In the entries below, find the line with "Bardette shetland", then set it down exactly along with each line after it to the end, skipping any pictures.

========

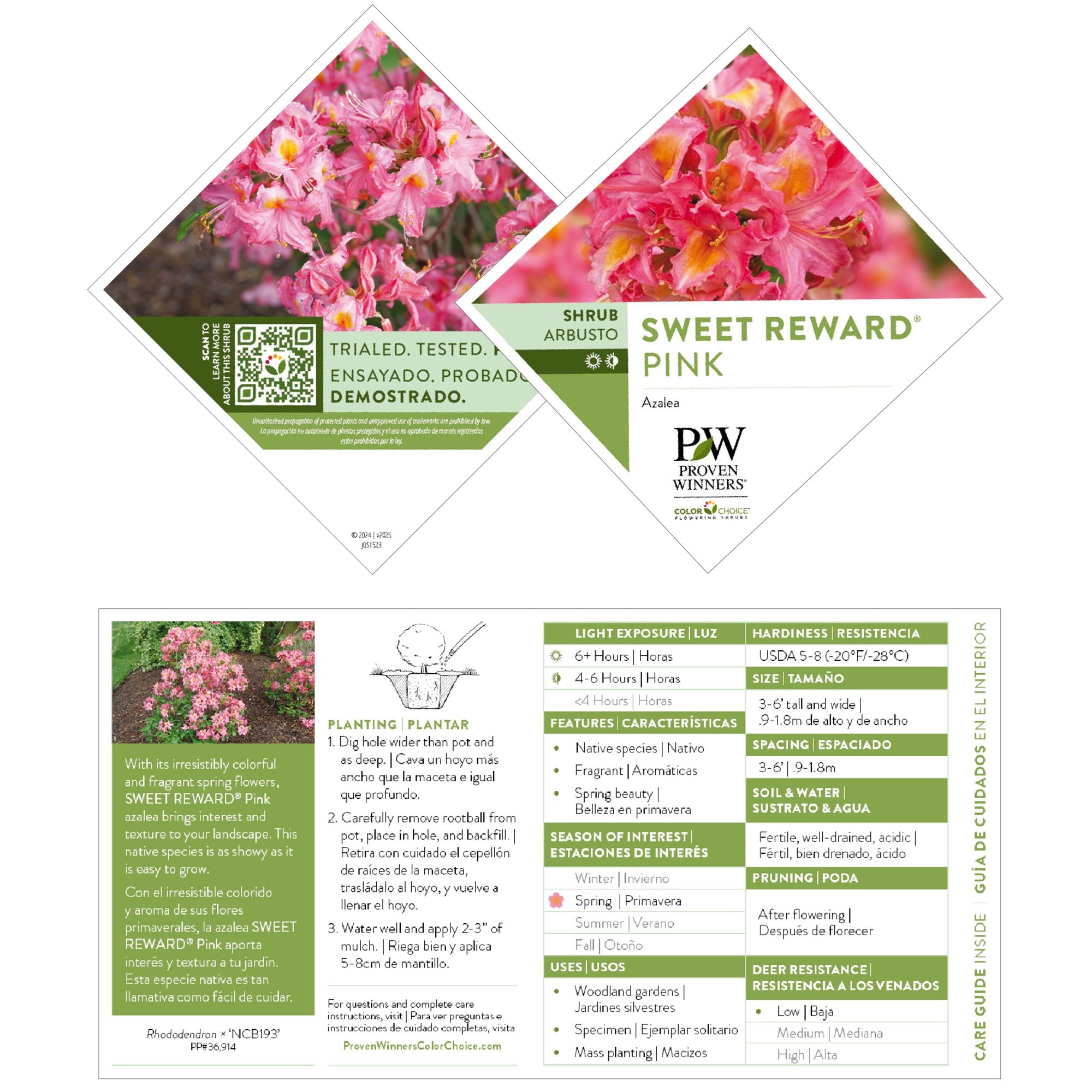 Azalea | Sweet Reward® Pink | Proven Winners® Shrubs – Proven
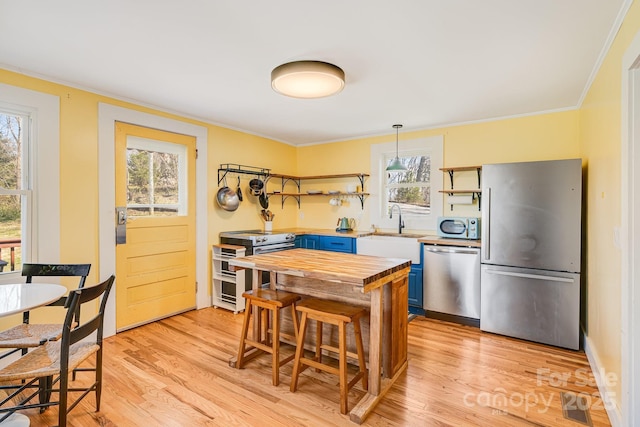 323 Emma Rd, Asheville, NC 28806 - kitchen with appliances with stainless steel finishes, a healthy amount of sunlight, open shelves, and butcher block counters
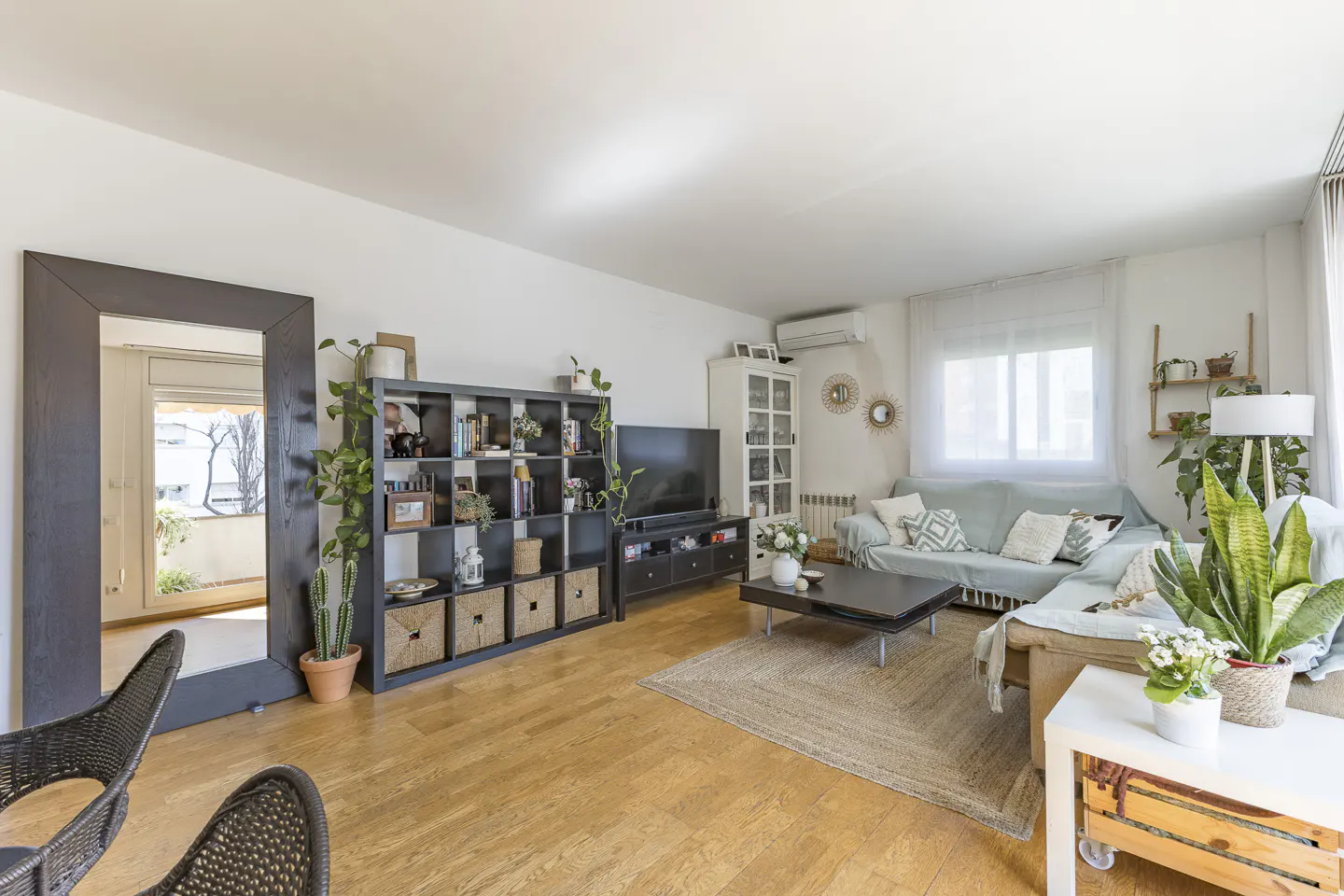 Bright living room with light wood floors, a large black bookshelf, a sofa with throw pillows, and several potted plants.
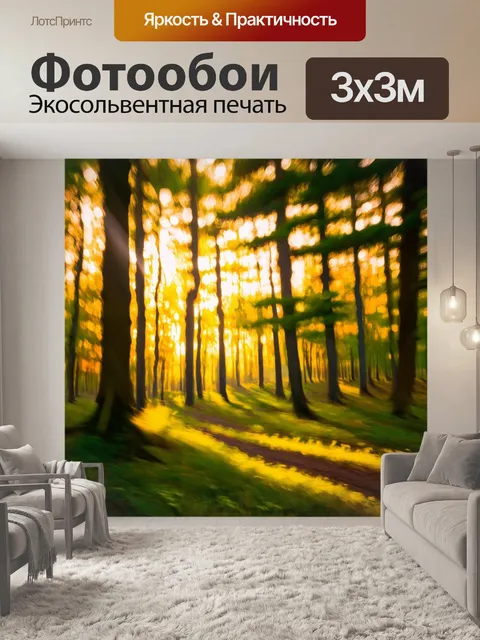 Фотообои утро, магический лес с мягким светом, пробивающимся сквозь листву, остаться безмолвным свидетелем рассвета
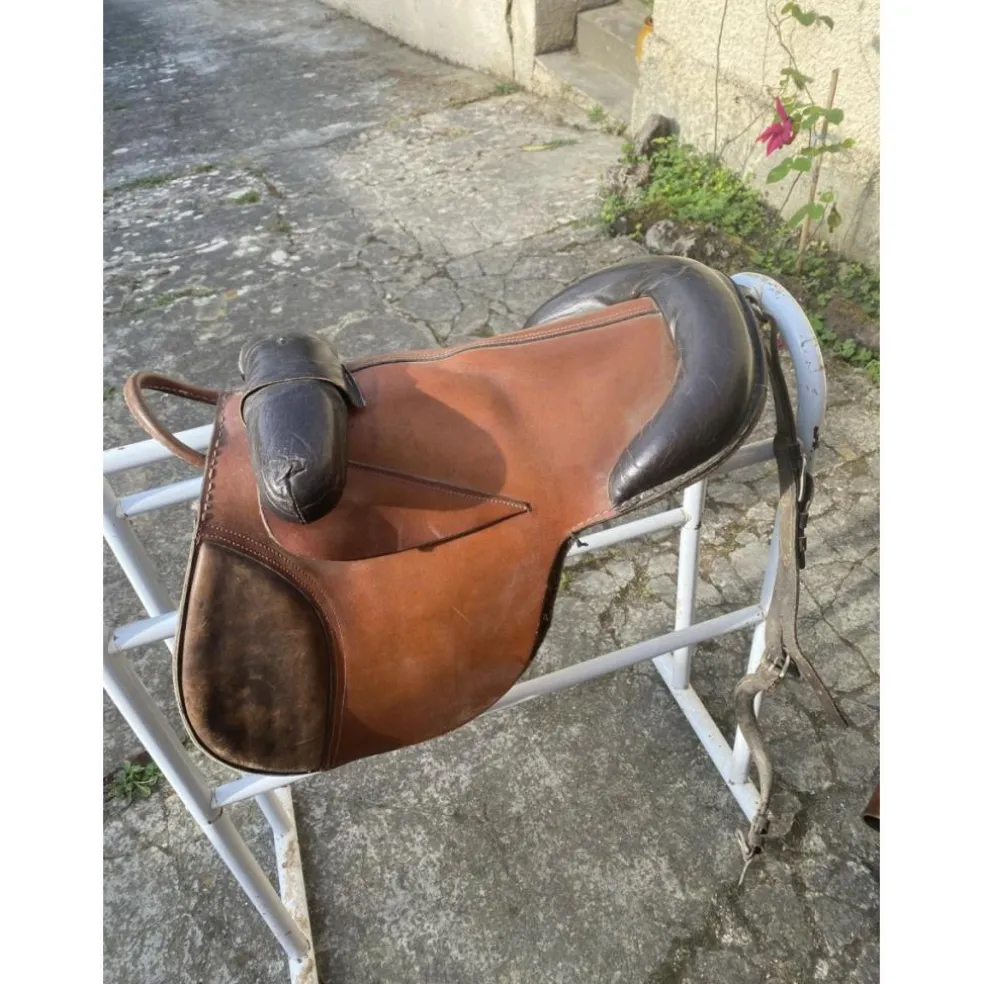 Bardette shetland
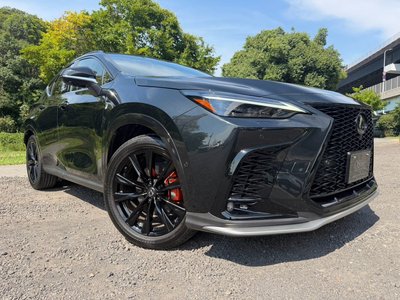 2023 Lexus NX — миниатюра 15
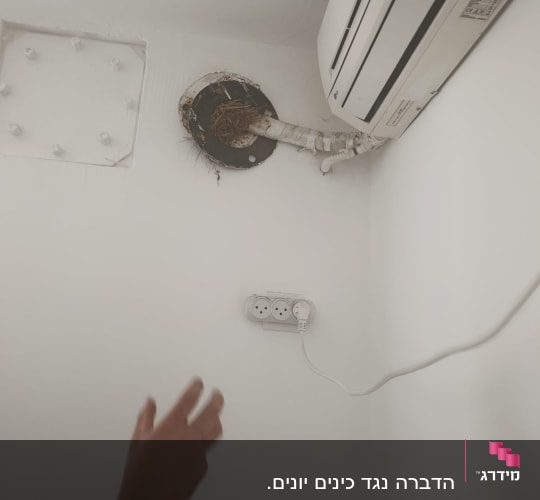 יד מושטת לכיוון פתח עם קן ציפורים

========

— Exercise output —
 Bardette shetland
 2023 Lexus NX — миниатюра 15
 יד מושטת לכיוון פתח עם קן ציפורים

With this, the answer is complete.